В роту пришло пополнение. Народ прибыл солидный, в возрасте, по документам — один завскладом, один писарь, один ездовой и два повара. Это все, что могли наскрести в полку.
— Куда ж я вас, братцы?
— Куда нужно, — с готовностью ответил бритоголовый, медлительный дядя, по-свойски скидывая с плеча вещмешок и кладя у своих ног.
У печи стоит Буянов и подбрасывает в огонь куски промасленной, из-под патронов, бумаги. Покончив с бумажками, он разламывает руками ящик и опять приживляет огонь.
— Тарщ командир, — скороговоркой обращается он ко мне,
Бритоголовый принял Буянова, видимо, за старшину. Не дожидаясь моего слова, он резво подхватил с полу свой мешок и, широко улыбнувшись, всем туловищем повернулся к Буянову.
— Повар-инструктор Дворкин, товарищ гвардии старшина!
— Повар? — удивился Буянов. У него в отделении имелся один бывший повар — Катышев. Но отступать поздно, и он лишь уточняет: — Я не старшина.
— Товарищ старший сержант… — без прежнего энтузиазма поправляется новичок-повар.
Мне принесли из штаба приказание, я углубился в чтение. Бойцы занимались кто чем, и казалось, не обратили внимания на этот беглый разговор. Ан нет.
— А еще повара есть? — внятно раздался чей-то насмешливый голос.
— Есть, — тихо отозвался невысокий худощавый боец с чернявыми усиками. Лицо у него темно-смуглое, вроде закопченное.
— Просись вместе с лысым! Будет вас трое у Буянова…

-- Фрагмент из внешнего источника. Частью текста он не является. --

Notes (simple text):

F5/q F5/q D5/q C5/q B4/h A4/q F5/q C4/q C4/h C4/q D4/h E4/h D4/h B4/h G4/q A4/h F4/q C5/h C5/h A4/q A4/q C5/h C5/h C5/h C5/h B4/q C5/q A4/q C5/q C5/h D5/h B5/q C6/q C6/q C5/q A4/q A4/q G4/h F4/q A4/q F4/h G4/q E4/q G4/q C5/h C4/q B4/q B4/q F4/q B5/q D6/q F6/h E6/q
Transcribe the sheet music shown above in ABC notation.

— А на скольких готовить? — деловито уточнил усатенький, не понимая шутки.
— На одного… На Буянова.
Раздается общий смех. Буянов тоже хохочет и вновь обращается ко мне:
— Давайте его мне, приспособим…
Я прочел принесенное приказание и задумался… Ночевать здесь не придется: после обеда полк выступает. Вперед, вперед! Несмотря на значительные потери и перебои в снабжении, мы не даем противнику передышки. Нам трудно, а ему еще трудней: достаточно взглянуть на пленных, чтобы понять, какой стороной повернулась им нынешняя зимняя кампания. Обмороженные, бог весть чем поперевязанные, в соломенных ботах… Екнет иной раз сердце, да тут же и зачастит взволнованно: кто вас звал? Что повело вас в чужие земли? Что заставляет вас сеять по свету горе людское?
Тем временем новички мало-помалу познакомились со старослужащими, получили оружие, патроны, гранаты, и Буянов увел их куда-то за огороды. «Пострелять маненько», — сказал он. Пусть. Порох они, может, и нюхали, но автомат — штука серьезная.

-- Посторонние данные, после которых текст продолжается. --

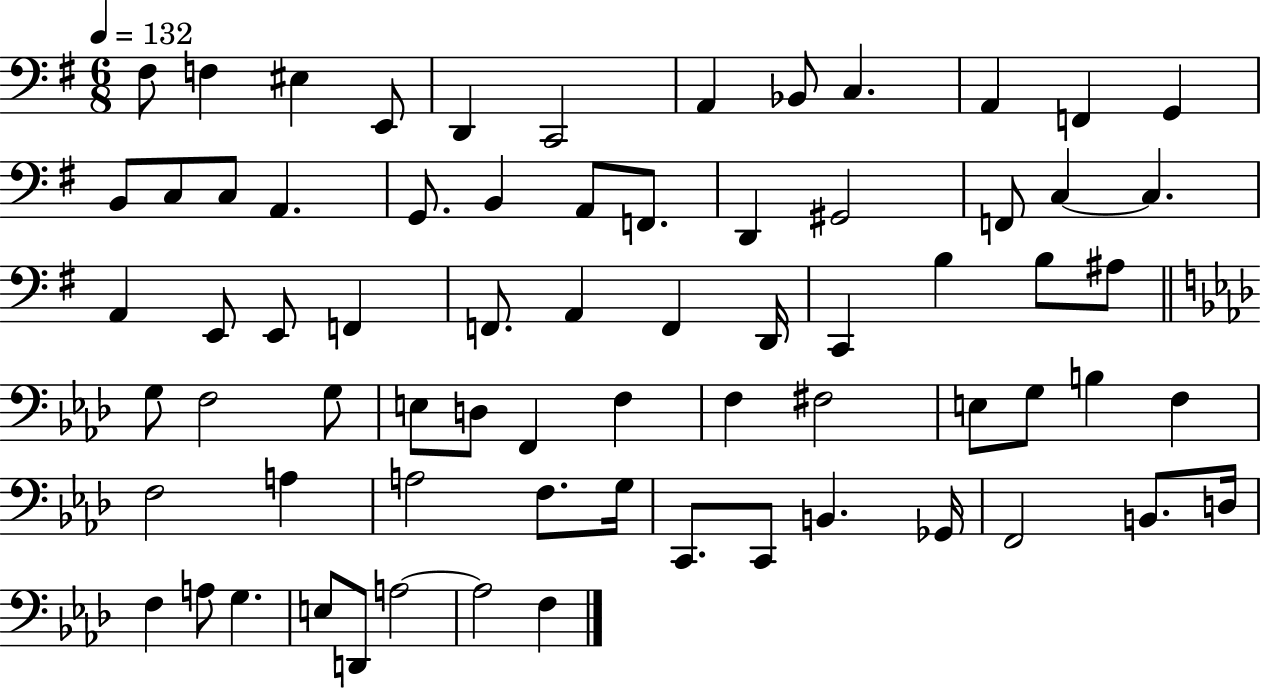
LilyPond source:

{
  \clef bass
  \numericTimeSignature
  \time 6/8
  \key g \major
  \tempo 4 = 132
  fis8 f4 eis4 e,8 | d,4 c,2 | a,4 bes,8 c4. | a,4 f,4 g,4 | \break b,8 c8 c8 a,4. | g,8. b,4 a,8 f,8. | d,4 gis,2 | f,8 c4~~ c4. | \break a,4 e,8 e,8 f,4 | f,8. a,4 f,4 d,16 | c,4 b4 b8 ais8 | \bar "||" \break \key aes \major g8 f2 g8 | e8 d8 f,4 f4 | f4 fis2 | e8 g8 b4 f4 | \break f2 a4 | a2 f8. g16 | c,8. c,8 b,4. ges,16 | f,2 b,8. d16 | \break f4 a8 g4. | e8 d,8 a2~~ | a2 f4 | \bar "|."
}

В избе тепло. На лавке, поджав босые ноги, блаженствует Ступин. В руках у него огромные хозяйские ножницы. Ножницы эти определенно или садовые, или для стрижки овец, но это не мешает сержанту с удовольствием резать ногти на ногах. И за ним уже наметилась очередь.
Ступина слегка поторапливают:
— Шевелись, сержант!
— Ему бы струг…
— Или… которым ветеринар копыта срезает.
Ступин работает, как всегда, сосредоточенно, молча. Шутки отлетают от него, как горох от стенки, только раз он и сказал — свое, сокровенное:
— Хотел сад осенью посадить…
И разговор сразу же принял другой оборот.
— Сад, он как где, — заметил угрюмый, бритоголовый повар-новичок Дворкин.
— По Днепру, милок…
— По говору — ты не тамошний.
— Жил… Днепрогэс возводил… Вот, милок, где цветет! И вишня тебе, и слива, и яблоня, и груша… Опять же — морель…
— Морель?
— Абрикос такой. Радость!
— Была радость, Гитлер там небось…
Ступин
молчит, да от него никто и не требует ответа, все и так ясно… Незаметно разговор соскользнул на извечную для нас тему.— Пробегал тут писарь, слышь… Говорит — Малоярославец отбили наши, — заметил все тот же Дворкин.
— Может… Однако, Сухиничи что-то… — ответил Ступин.
Собеседники помолчали. Ступин управился с ногтями и передал ножницы товарищу, потом помял портянки, аккуратно завернул, обулся.
За окном послышался гул, взвыла штабная сирена.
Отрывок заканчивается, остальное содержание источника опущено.